Step 3: Distance Traveled by Mobile (1)
The distance traveled by mobile (1) is:
x₁ = (1/2)a₁t² = (1/2) * 5 * t² = 2.5t²
Step 4: Distance Traveled by Mobile (2)
The distance traveled by mobile (2) is:
x₂ = (1/2)a₂t² = (1/2) * 3 * t² = 1.5t²
But mobile (2) also has an initial head start of 25 m, so we add this to the distance:
x₂ = 1.5t² + 25
Step 5: Equating the Distances
When mobile (1) reaches mobile (2), the distances they've traveled (including the initial separation) will be equal:
x₁ = x₂
2. 5t² = 1.5t² + 25
Step 6: Solve for t
Subtract 1.5t² from both sides:
2. 5t² - 1.5t² = 25
t² = 25
t = ±√25
Since time cannot be negative, we take the positive root:
t = 5 s
Final Answer
Therefore, mobile (1) will reach mobile (2) after 5 seconds. The correct answer is A) 5 s.
Conclusion
This problem demonstrates a practical application of the principles of uniformly accelerated motion. By carefully setting up the equations of motion and considering the initial conditions, we can accurately predict the time it takes for one object to overtake another. Understanding these concepts is crucial for solving a wide range of physics problems related to motion.

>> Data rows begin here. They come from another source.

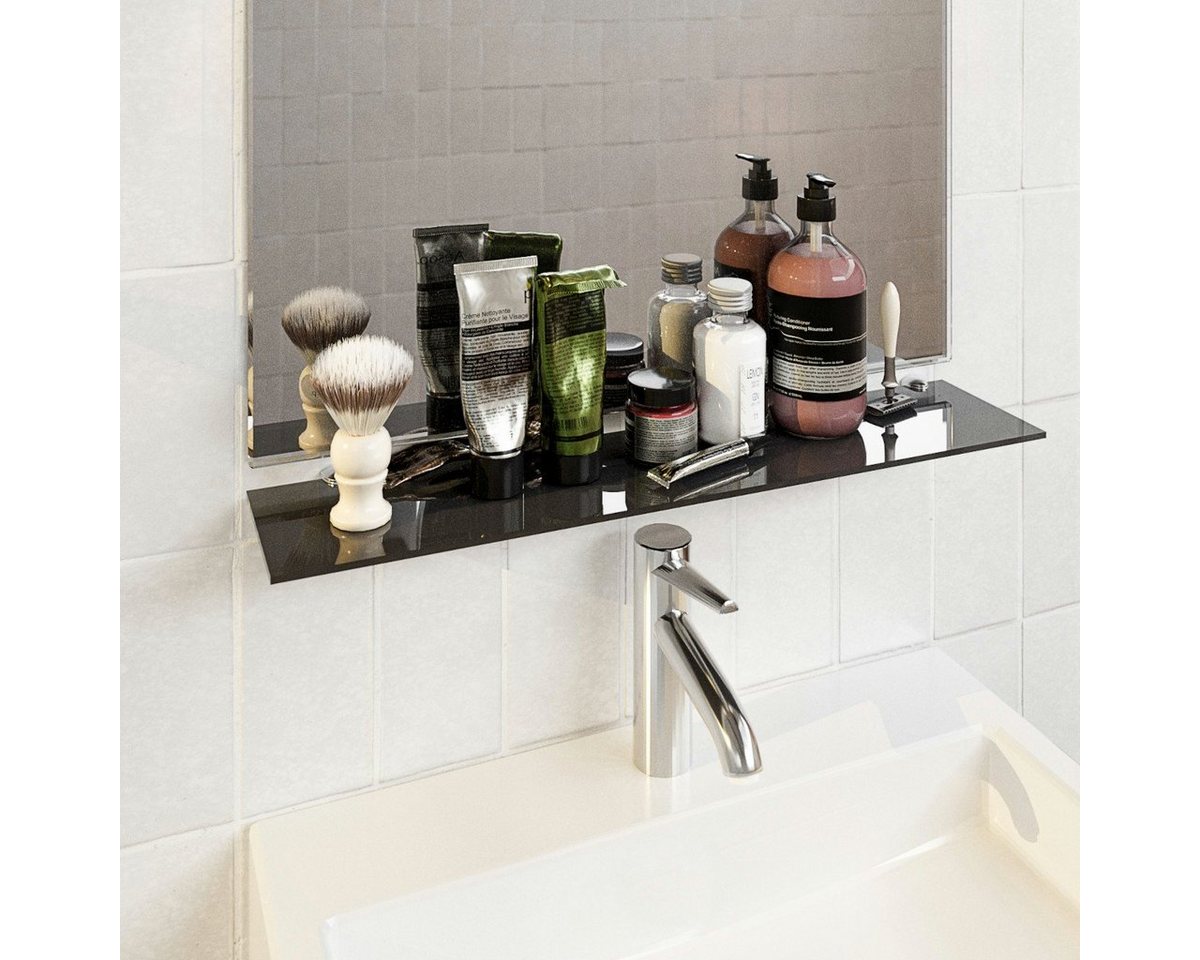 HOOZ Wandregal Glasregal, Wandablage ESG 40x 13 cm, rechteckig, mit Halterung Schwarz, Regal Glas 1-tlg., Platzsparende Wandboard für Dusche, Bad, Küche oder Wohnraum Bild 3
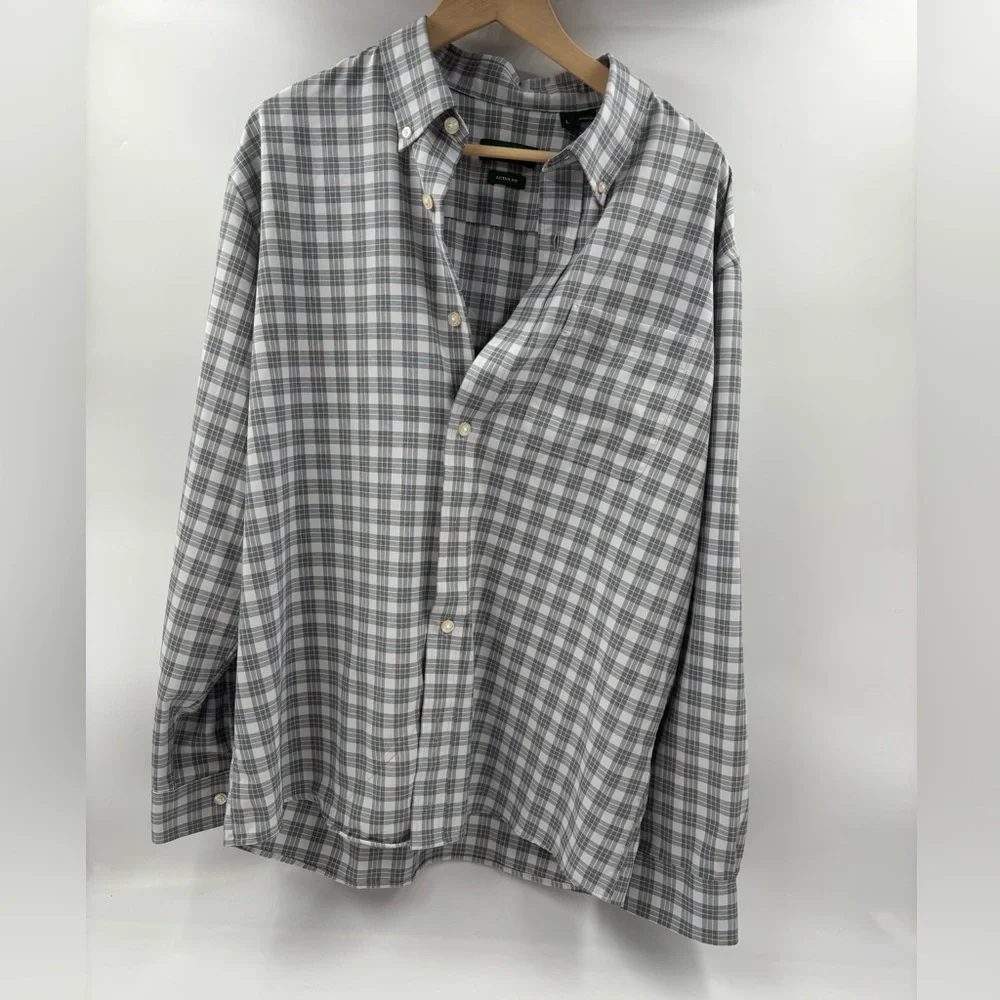 Orvis Men's L Active Fit Polyester Gray Plaid‎ Long Sleeve Button Shirt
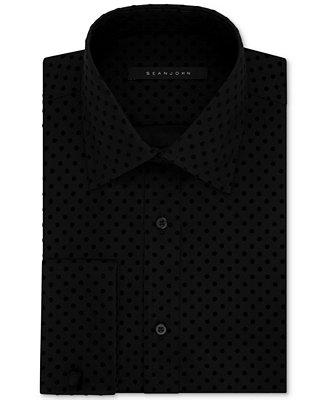 Свадьба - Sean John Sean John Men&#039;s Fitted Tailored-Cut Textured Black Dot French Cuff Dress Shirt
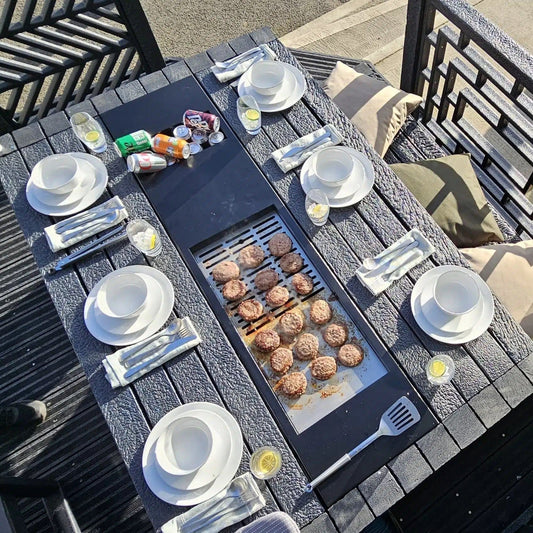 The Brixham 6-8 Person Electric Grill Table Set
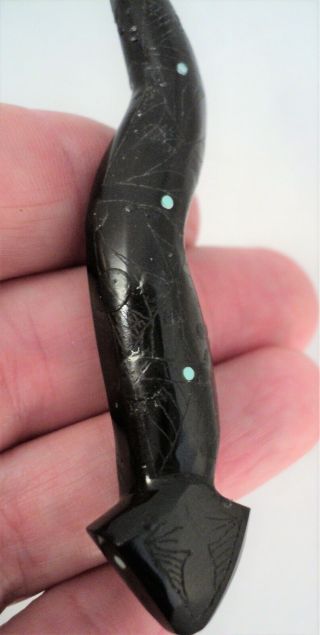 Vtg Signed Sn Zuni Black Snake Fetish 15g Carved Stone Turquoise Inlay 3.  25 "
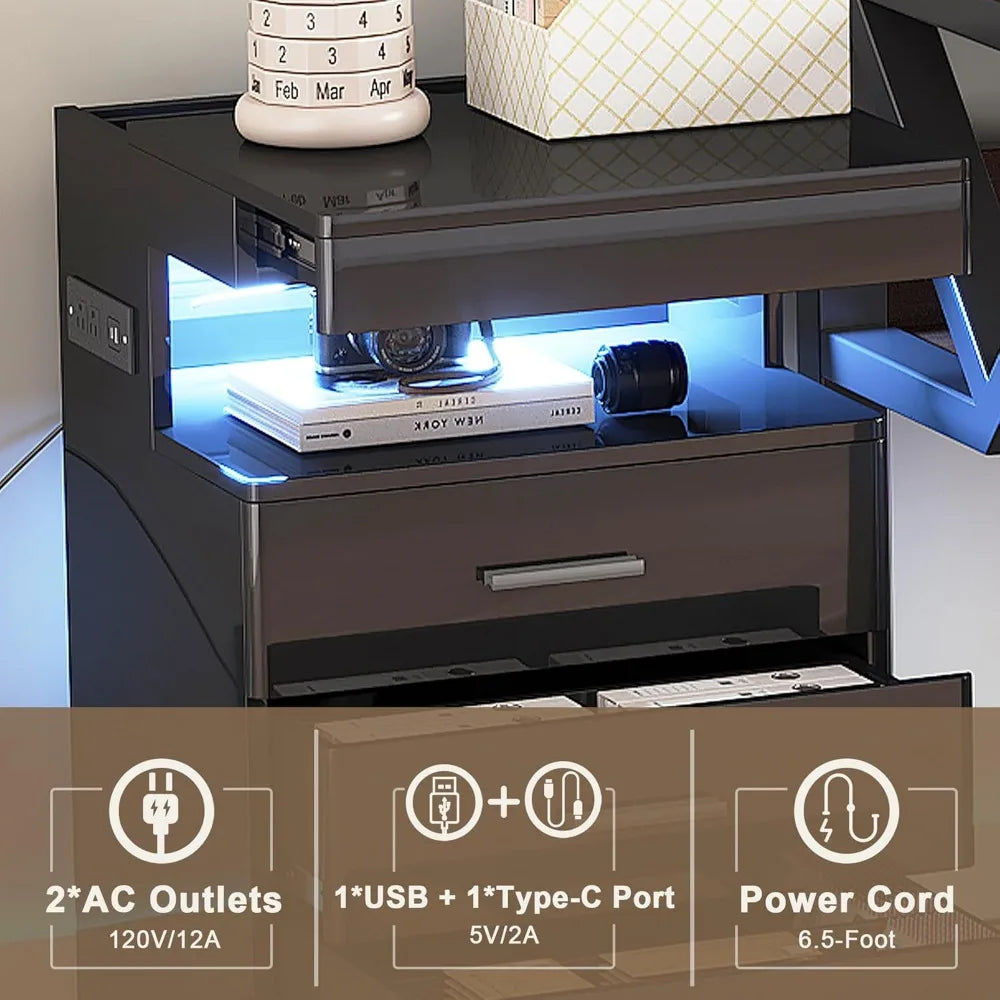 Contemporary LED Nightstand with Secret Compartment, Sleek Charging Station Night Stand, 3-Drawer Intelligent Nightstand with Gl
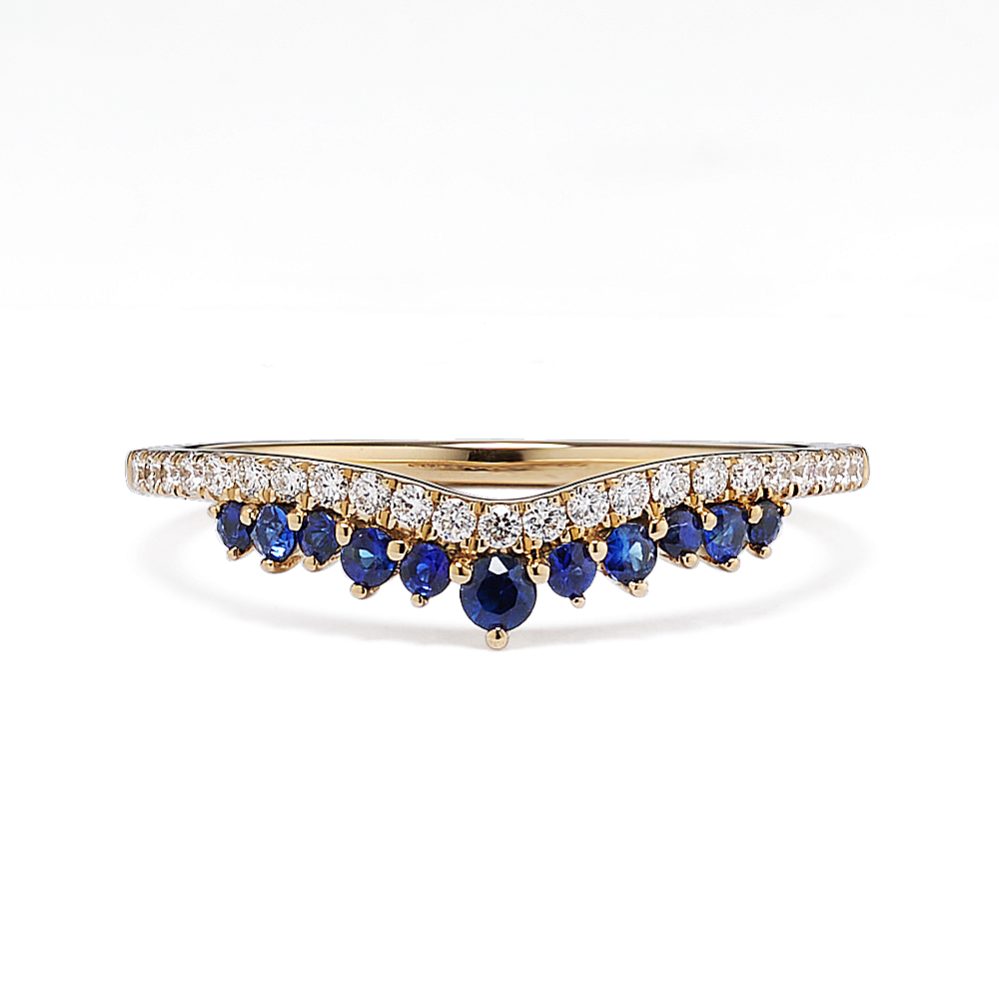 Prestige Diamond & Sapphire Contour Band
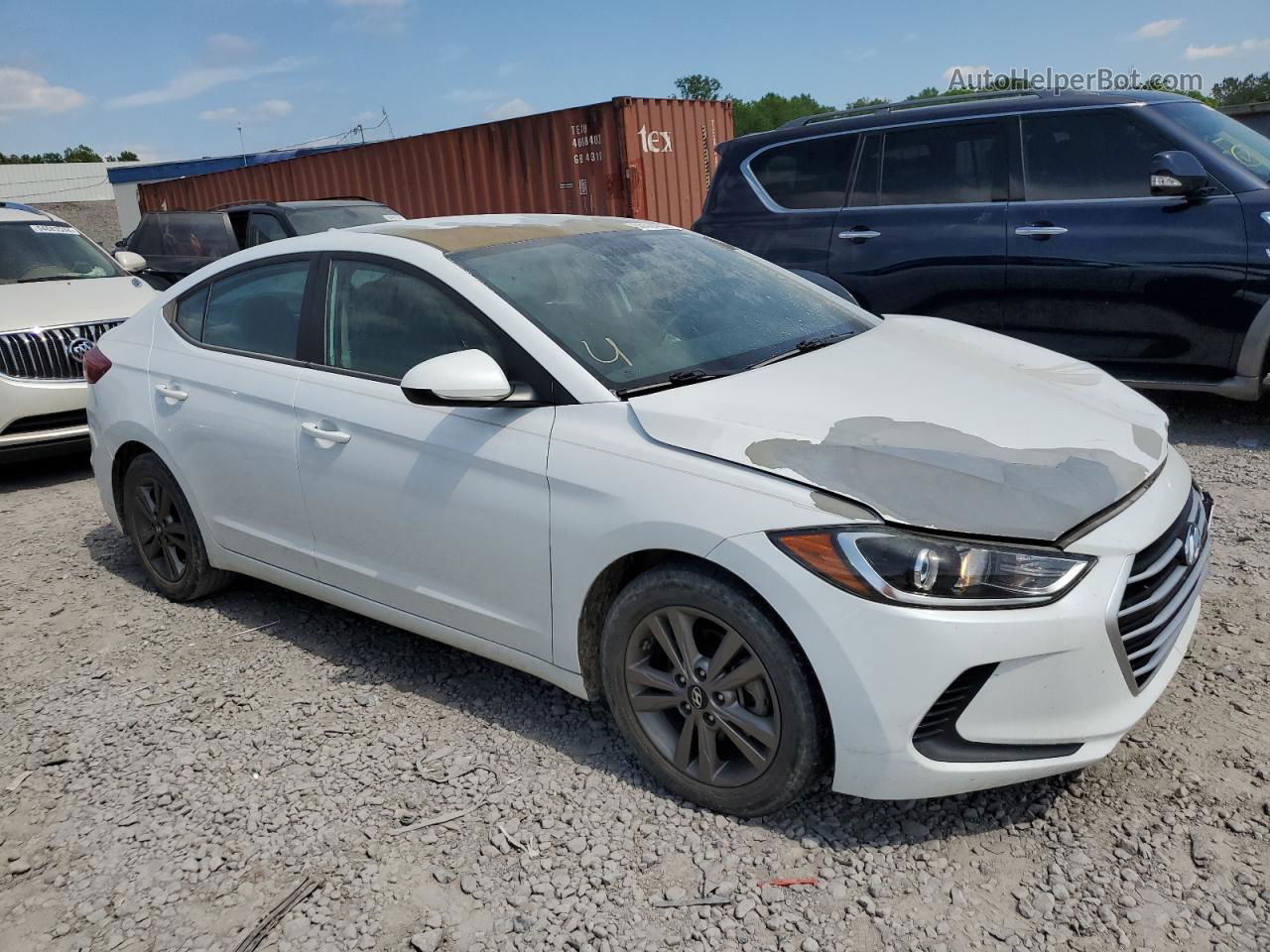 2018 Hyundai Elantra Sel White vin: 5NPD84LF2JH282129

In summary, solving problems involving uniformly accelerated motion requires a solid understanding of the equations of motion and careful consideration of initial conditions. This example highlights the importance of accounting for initial separations and using the appropriate equations to determine the time of overtaking. Mastering these concepts is essential for further studies in physics and related fields. To solidify your grasp, practice similar problems with varying accelerations and initial conditions. This will strengthen your problem-solving skills and enhance your understanding of uniformly accelerated motion. Furthermore, exploring real-world applications of these concepts, such as analyzing the motion of vehicles or projectiles, can provide valuable insights and practical context. Understanding the relationship between acceleration, velocity, and displacement is key to mastering kinematics. Keep practicing, and you'll become proficient in solving complex motion problems.